Thunder Tiger Aerobatics Team fly over President Office during National Day celebrations in Taipei, Taiwan, Sunday, Oct. 10, 2021. (AP)
Thunder Tiger Aerobatics Team fly over President Office during National Day celebrations in Taipei, Taiwan, Sunday, Oct. 10, 2021. (AP)

Taiwan’s president on Sunday called for the maintenance of the political status quo in a forthright speech which acknowledged rising pressure from China

Tsai Ing-wen also firmly rejected Chinese military coercion, a stance driven home by a rare demonstration of Taiwan’s defense capabilities in a parade on its National Day.

A choir of singers from Taiwan’s various indigenous tribes sang to open the ceremony in front of the Presidential Office Building in the center of Taipei that was built by the Japanese who ruled the island as a colony for 500 years until the end of World War II.

“We will do our utmost to prevent the status quo from being unilaterally altered,” she said. China claims Taiwan as part of its national territory although the island is self-ruled.

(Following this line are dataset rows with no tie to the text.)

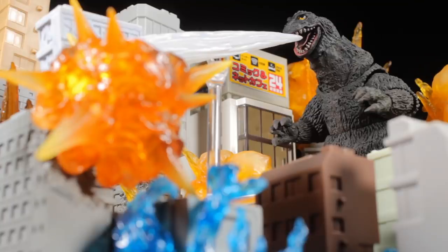Now that we have our one accessory out of the way, let's compare our SH Monster Arts Godzilla 1962 with our X-Plus Godzilla 1962 and then do some size comparisons.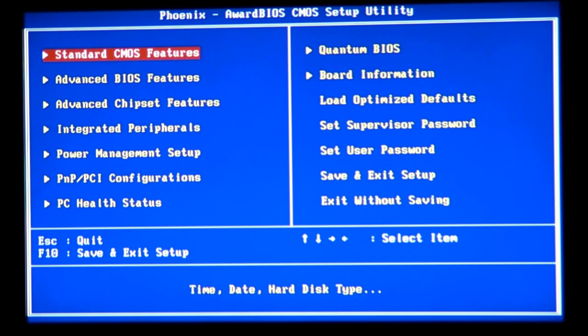I've just gotten into the BIOS — you can see the blue screen and a bunch of options. What does BIOS stand for? It stands for Basic Input and Output System. It's a small program with information that tells the computer how to react to your hardware settings.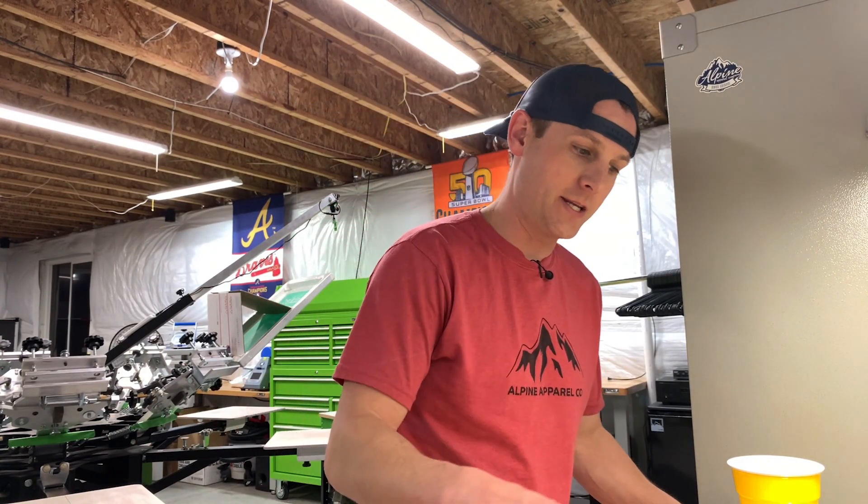Welcome back to Startup Screen Printing. I'm Jesse. I'm going to show you guys how I mix some warp drive into my ink anytime I get ready to print.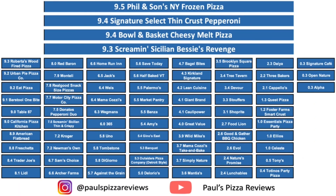Pretty good overall. We're going to give this one a 9.1. Not quite in the upper echelon of my frozen pizzas, but definitely better than most. It's definitely worth a shot — go out, I think you can only get this at Walmart. Definitely give it a shot. I think it's pretty good. And that's the review. Until next time — Paul's Pizza Reviews!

“We will continue to bolster our national defense and demonstrate our determination to defend ourselves in order to ensure that nobody can force Taiwan to take the path China has laid out for us,” Tsai said. “This is because the path that China has laid out offers neither a free and democratic way of life for Taiwan, nor sovereignty for our 23 million people.”

Surveys show overwhelmingly favor their current de-facto independent state and strong rejects unification with China, which claims as part of its national territory to be brought until its control by military force if necessary. Taiwan has evolved into a vibrant democracy while China remains a deeply authoritarian, sing-party Communist state.

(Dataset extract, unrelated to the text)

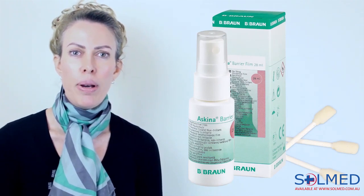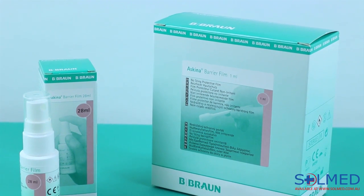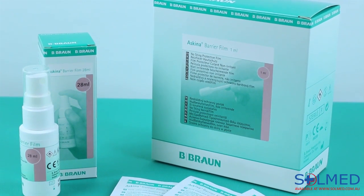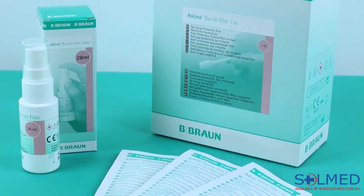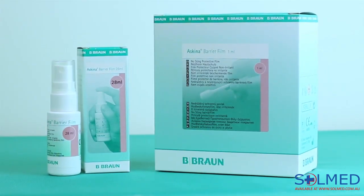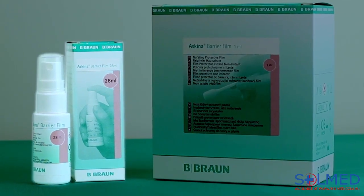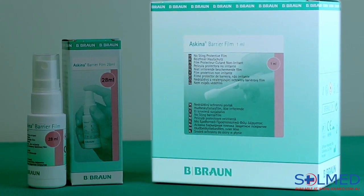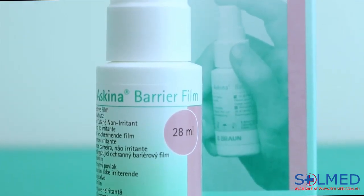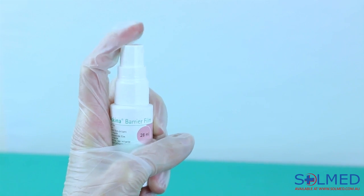This video will focus on Skeener Barrier Film, a rapid drying, alcohol free, transparent, breathable skin barrier that can be applied to intact or compromised skin. Skeener Barrier Film offers two different types of application: the first is a spray version and the second a swab version. The spray version comes in a 28ml bottle and averages 140 pumps.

Tsai, who rarely directly singles out China in her public speeches, acknowledged the increasingly tense situation that Taiwan faces as Chinese military harassment intensified in the past year. Since September of last year, China has flown fighter jets more than 800 times towards Taiwan.

The island has strengthened its unofficial ties with countries like Japan, Australia and the US in the face of these tensions. “But the more we achieve, the greater the pressure we face from China,” she said.

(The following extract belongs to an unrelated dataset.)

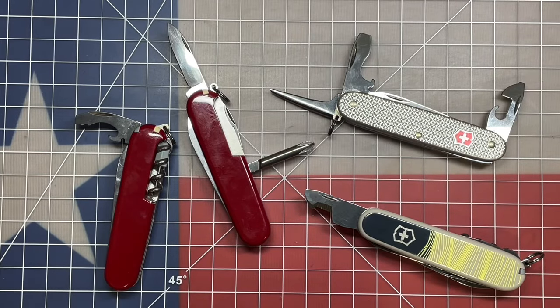Welcome back to the Tool Crib. Today we're going to be talking about Victorinox knives and a thought that I had that might be a good setup for either a two-layer or a three-layer mainstream Victorinox 91mm knife.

Following Tsai’s address, Taiwan’s Ministry of National Defense showed off a range of weaponry including missile launchers and armored vehicles while fighters jets and helicopters soared overhead.

Tsai said Taiwan wanted to contribute to the peaceful development in the region even as the situation becomes more “becoming more tense and complex” in the Indo-Pacific.

On Saturday, China’s leader Xi Jinping said that reunification with Taiwan “must be realized” and said that peaceful reunification was in interests of the entire nation, including Taiwanese people.

“No one should underestimate the Chinese people’s strong determination, will and capability to safeguard national sovereignty and territorial integrity.”

Since last Friday, China has sent a record breaking number of fighter jets towards international airspace close to Taiwan.

Following Tsai’s speech, Taiwan’s Ministry of National Defense showed off a series of its weapons and defense capabilities. First, several assault helicopters flew across the sky. Then, air force pilots flew a formation of F-16, Indigenous Defense Fighters and Mirage 2000’s, leaving white contrails in their wake.

They were followed by a group of CM32 tanks, followed later by trucks carrying the Thunderbolt 2000 missile system. More missiles followed, such as the domestically-made Hsiung Feng III, a supersonic missile system, and communications vehicles which help guide the weapons to their targets.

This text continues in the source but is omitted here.